*** Opening of DATA SHOWN ***
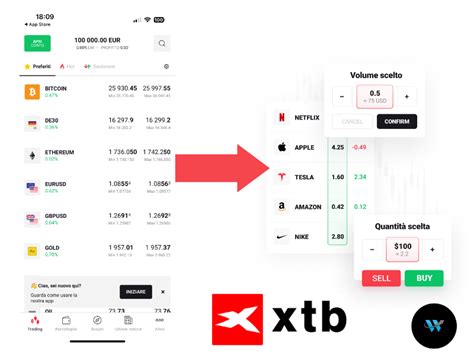 Xtb Lancia Le Azioni Frazionate In Italia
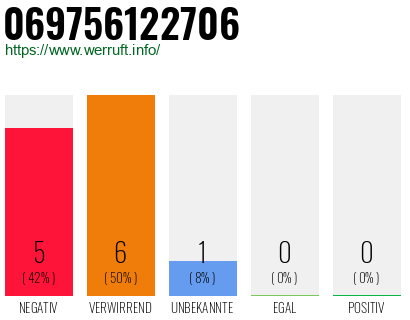 Rufnummer 069756122706 Telefonnummer 069756122706
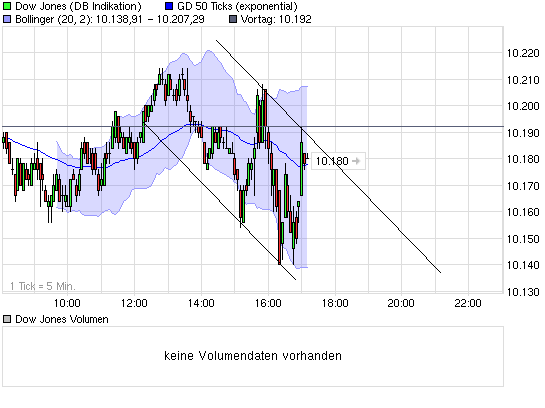 chart_intraday_daxca9d8aw8.png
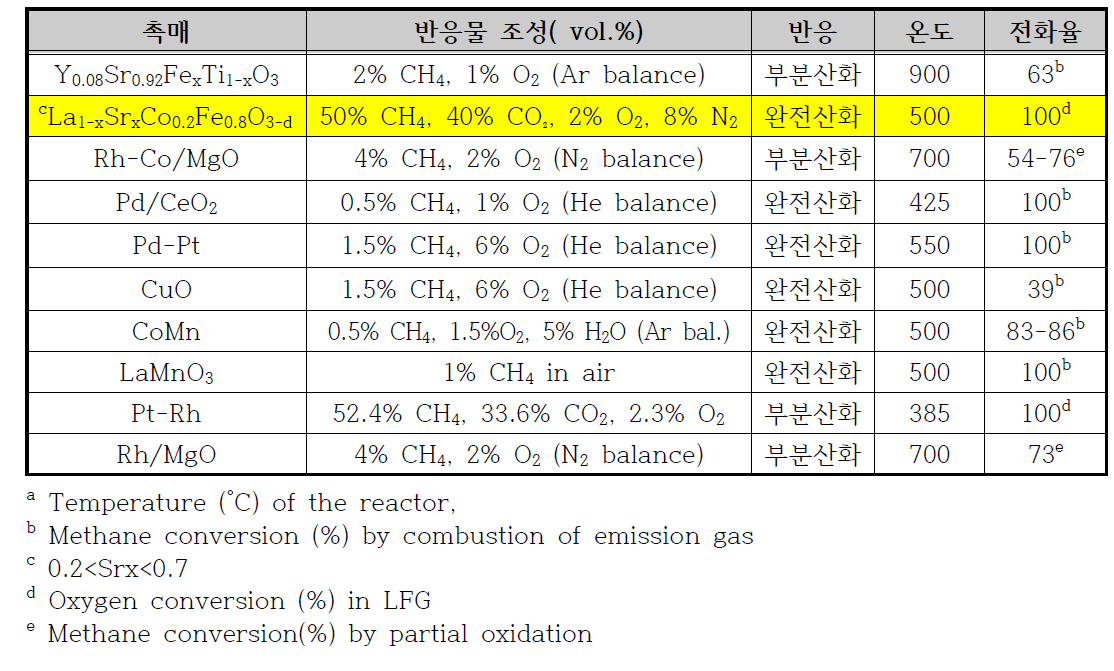 다양한 촉매에 따른 산화 반응 및 산소 전화율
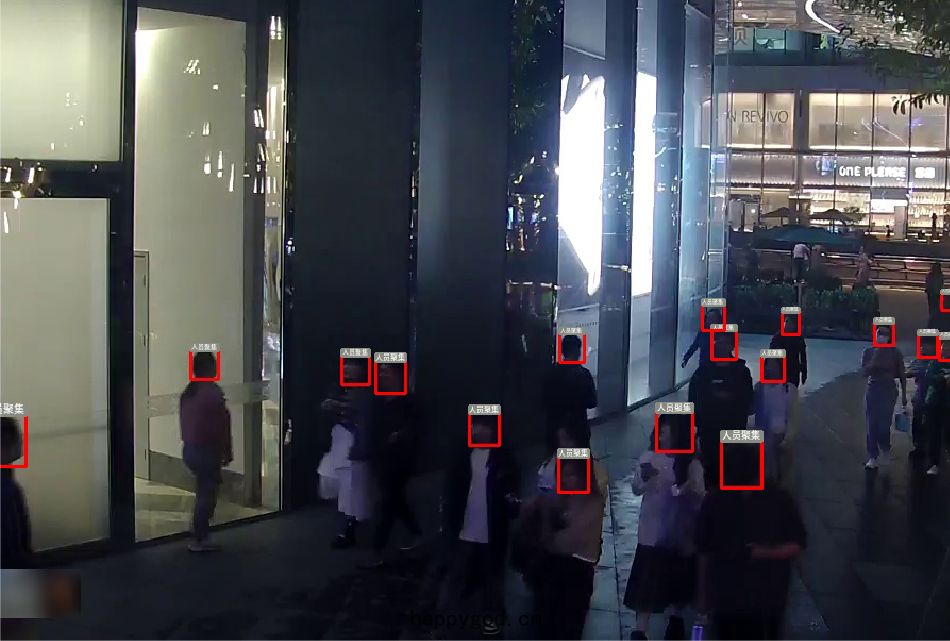 人員(yuán)聚集(jí)識別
*** Close of DATA SHOWN ***
◆ EXERCISE REQUIREMENTS ◆
With the pictures left out, return each entry exactly as written.

◆ TASK SOLUTION ◆
 Xtb Lancia Le Azioni Frazionate In Italia
 Rufnummer 069756122706 Telefonnummer 069756122706
 chart_intraday_daxca9d8aw8.png
 다양한 촉매에 따른 산화 반응 및 산소 전화율
 人員(yuán)聚集(jí)識別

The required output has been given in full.